Article 2 de la loi ESR : Un petit débat qui masque les gros problèmes de l’enseignement supérieur.

 

A la veille de l’ouverture des débats à l’assemblée nationale concernant la loi d’enseignement supérieur, une polémique s’est enclenchée concernant l’usage de la langue anglaise à l’université. L’UNEF est attachée à la démocratisation de l’accès aux langues vivantes, mais ne soutient pas le remplacement de cours en français par des enseignements uniquement anglophones. Cependant l’UNEF déplore que cette seule question linguistique, qui ne concernera qu’une très petite minorité d’étudiants et de formations, masque les problèmes cruciaux de notre enseignement supérieur : l’échec massif des étudiants, l’explosion des inégalités face au diplôme, l’élitisme et l’hégémonie des classements internationaux.

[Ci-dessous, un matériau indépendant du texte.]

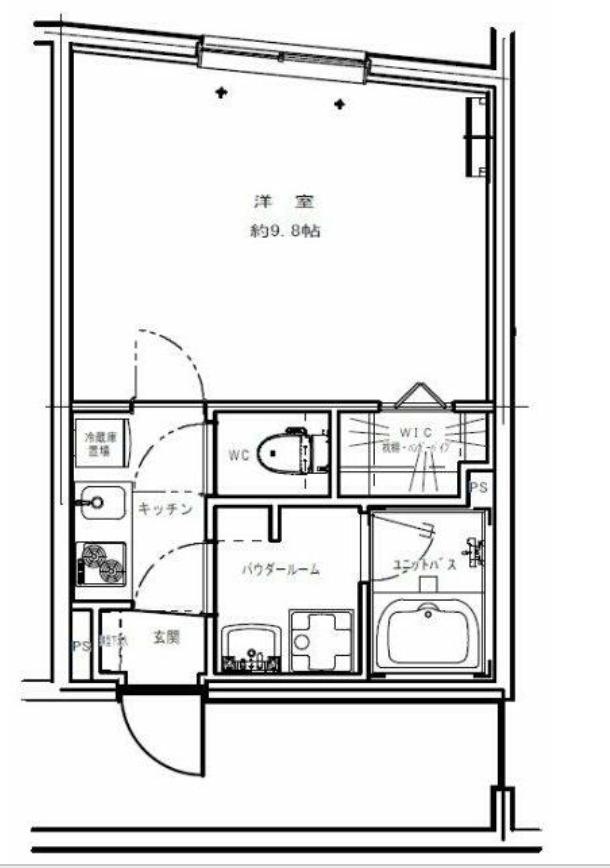 GENOVIA根津(1K/1階)の間取り写真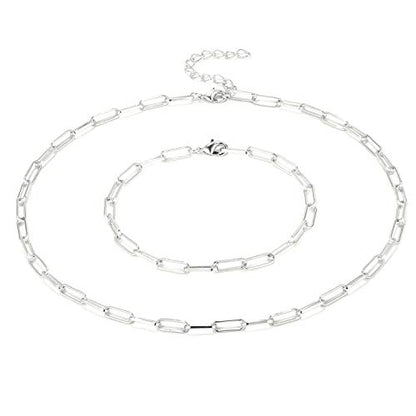 14K Gold Plated Dainty Paperclip Link Chain Necklace Bracelet Set for Women - style: 16" Silver Necklace + 7" Bracelet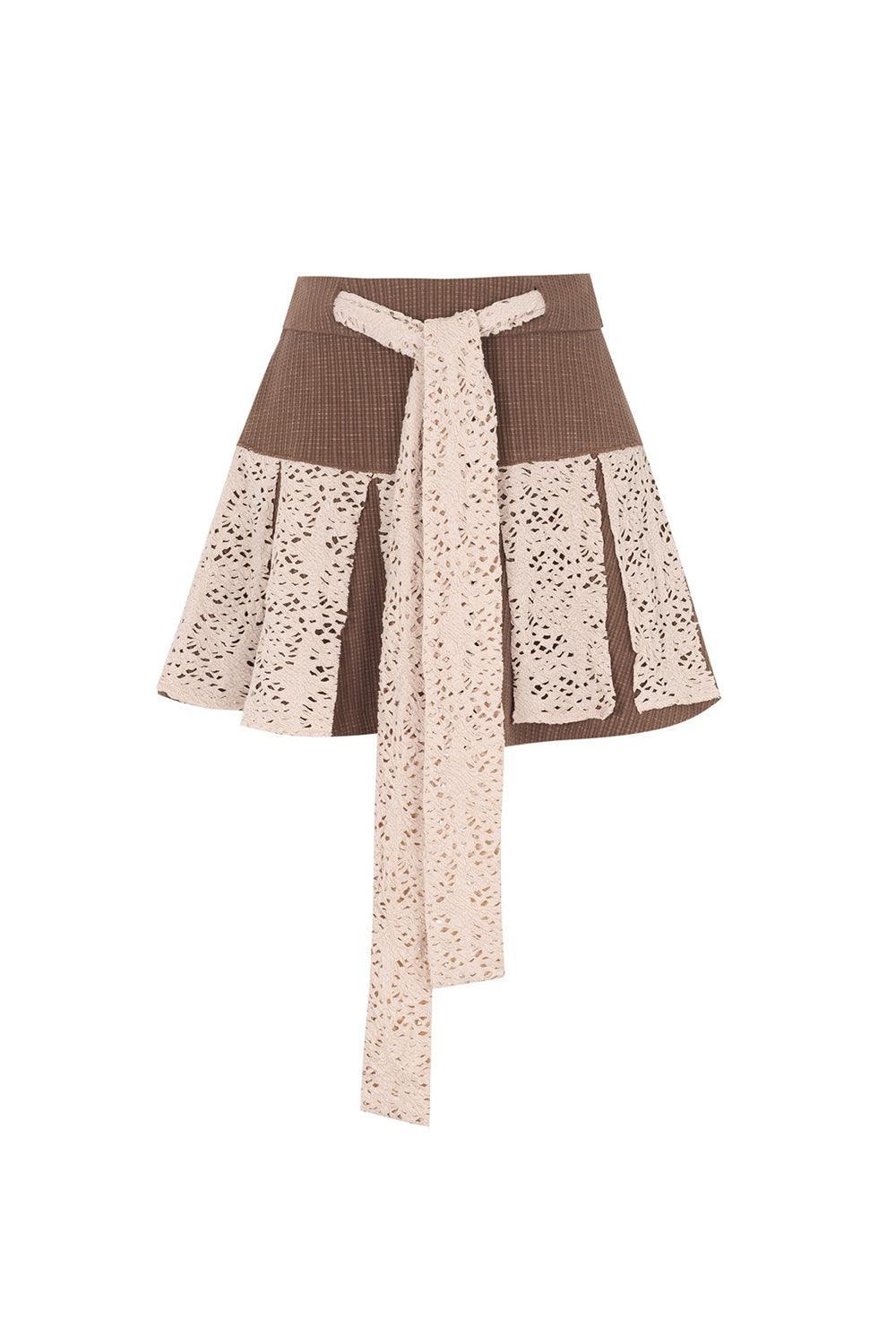 Short Textured A-line Skirt Brown - Pixie Rebels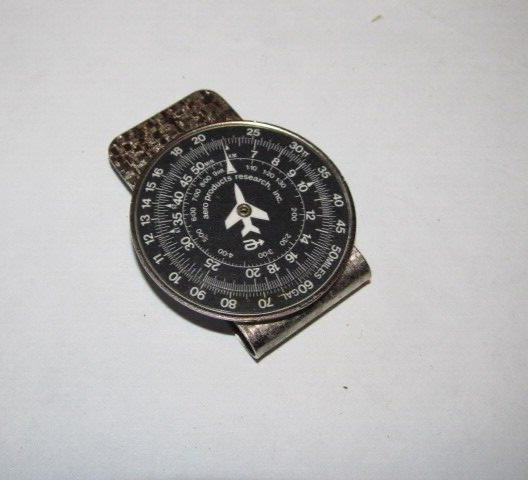 Vintage Aviation Pilot Aero Products Speed Index Time  Money Clip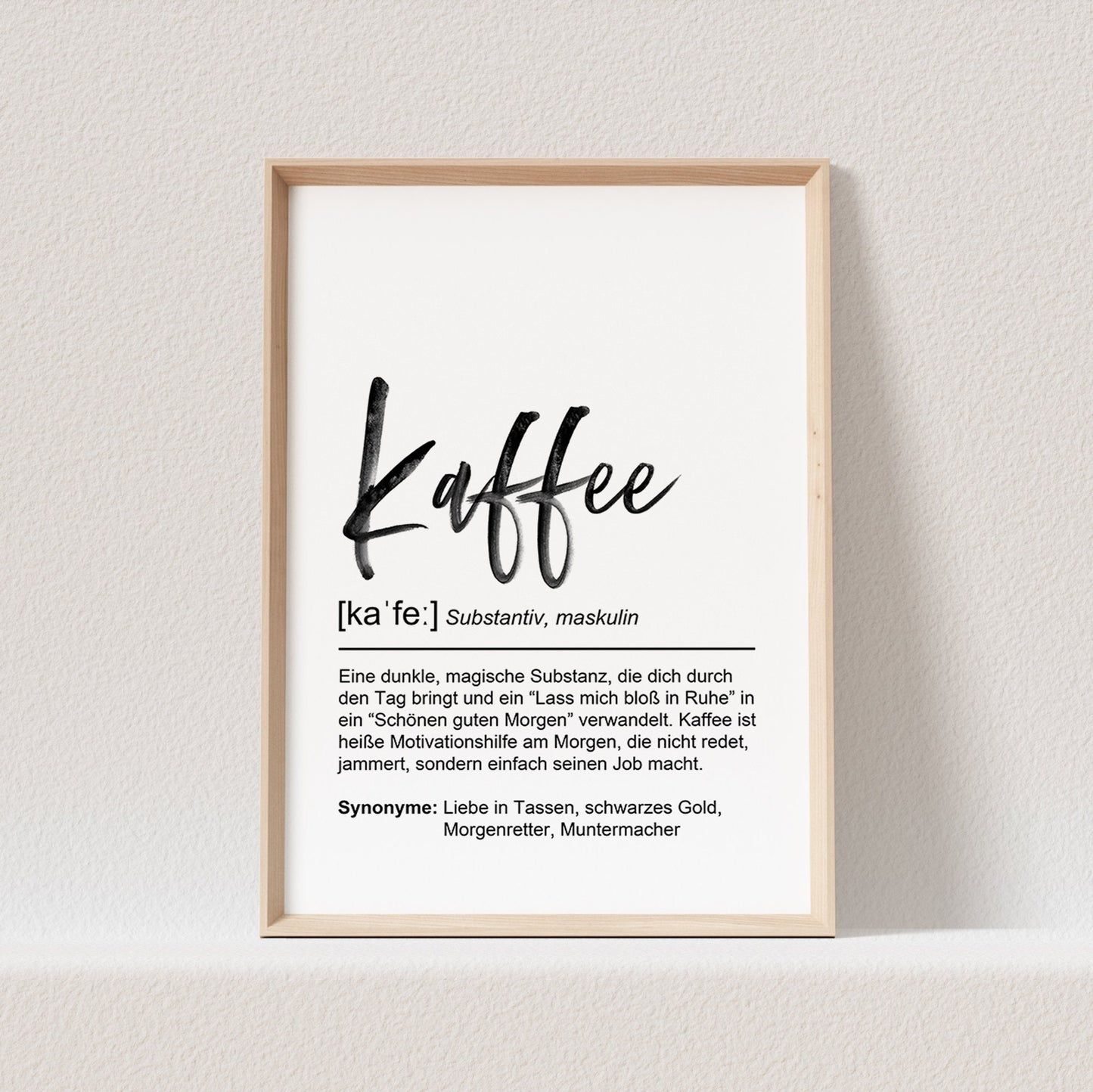 Kaffee Definition Poster Küche Küchenbild Küchenposter Kaffeeliebhaber Kaffeetrinker Geschenk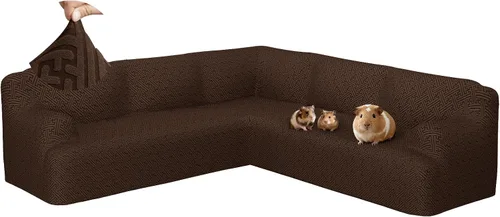 Vista 34 de Fundas para sofá seccional en forma de L de 1 pieza, fundas de esquina elásticas para sofá, funda de sofá antideslizante, lavable, fundas de sofá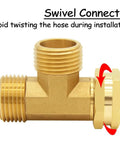 Brass 3/4 Inch GHT Tee Hose Fitting With Male X Male X Swivel Female, Go-To Garden Hose Tee Connector, 2 Pack, Durable Watering Fitting For Outdoor Faucets, Sprinklers, Nozzles, Timers. Swivel connector brass tee fitting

Il faut sortir du « tout ou rien » !

Dans le cadre de certains travaux, notamment de recherche, la maîtrise de la littérature anglophone est indispensable et peut justifier que certains enseignements très précis soient dispensés en anglais. A l’inverse, le remplacement intégral du français au sein de certains cursus par de l’anglais relèverait non seulement d’un renoncement à faire du français une langue qui compte, mais serait aussi un mauvais signal envoyé à tous les jeunes de pays francophone pour qui le français est une ouverture sur le monde. L’UNEF souhaite que le débat autour de l’article 2 s’apaise pour envisager des améliorations significatives, comme l’obligation de dispenser une partie conséquente des enseignements en français. 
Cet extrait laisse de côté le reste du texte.